MEMLING, Hans
(b. ca. 1440, Seligenstadt, d. 1494, Bruges)

Portrait of a Man at Prayer before a Landscape

c. 1480
Oil on oak panel, 30 x 22 cm
Mauritshuis, The Hague

The tightly framed composition of this portrait makes it one of the most compact images ever painted by Memling. The solid head occupies virtually the entire width of the painting, with more than half of the shoulders and hands cut off the edge. The sensation of extreme proximity is exceptionally strong. The viewpoint is so low that the flat landscape, with a little church in the distance, can barely be discerned above the subject's shoulders, while his head stands out monumentally against the sky. The broadly drawn, wispy clouds appear to be a later addition. The man wears a dark jacket lined with white fur, flecked with brown, and an asymmetrical collar over a red waistcoat. The wider right lapel is folded over, and if fastened would reach high above its counterpart. A small crucifix set with pearls hangs from a golden chain, half beneath and half on top of the collar. The young man in London's National Gallery has a similar piece of jewellery, which he wears in the same way. It must have been a common ornament, because a version of it also appears in the Bruges Portrait of a young woman and in the allegorical figure of a girl in New York. The man's devotion is evidently directed towards a lost representation, probably of the Virgin and Child.

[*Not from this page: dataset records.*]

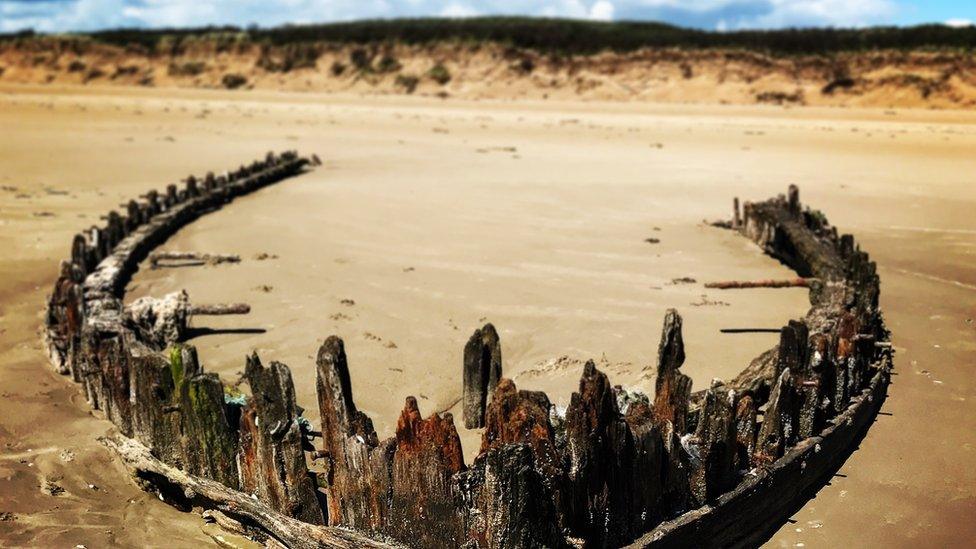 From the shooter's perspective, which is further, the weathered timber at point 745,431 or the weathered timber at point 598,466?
the weathered timber at point 745,431

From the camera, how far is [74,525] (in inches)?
162

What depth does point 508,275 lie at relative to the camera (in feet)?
27.3

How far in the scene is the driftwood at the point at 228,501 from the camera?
11.5ft

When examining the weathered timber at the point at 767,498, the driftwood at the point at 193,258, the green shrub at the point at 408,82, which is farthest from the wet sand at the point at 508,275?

When closed, this diptych would have displayed the coat-of-arms that is still to be found on the reverse. The man probably belonged to the Lespinette family (Franche-Comté). Since its auction (as a work by Antonello da Messina) in 1894, the painting has been accepted as a Memling. It is generally compared with his portraits from the 1480s, and shows a particular similarity in its modelling to the Bruges Portrait of a young woman of 1480.

It is understandable that some people should have been inclined to attribute this admirable portrait to Antonello, such is its precision and assurance of drawing and modelling of the face; but in the features, which are as though engraved, and the pointed steeple visible in the background, give a Flemish character of this picture.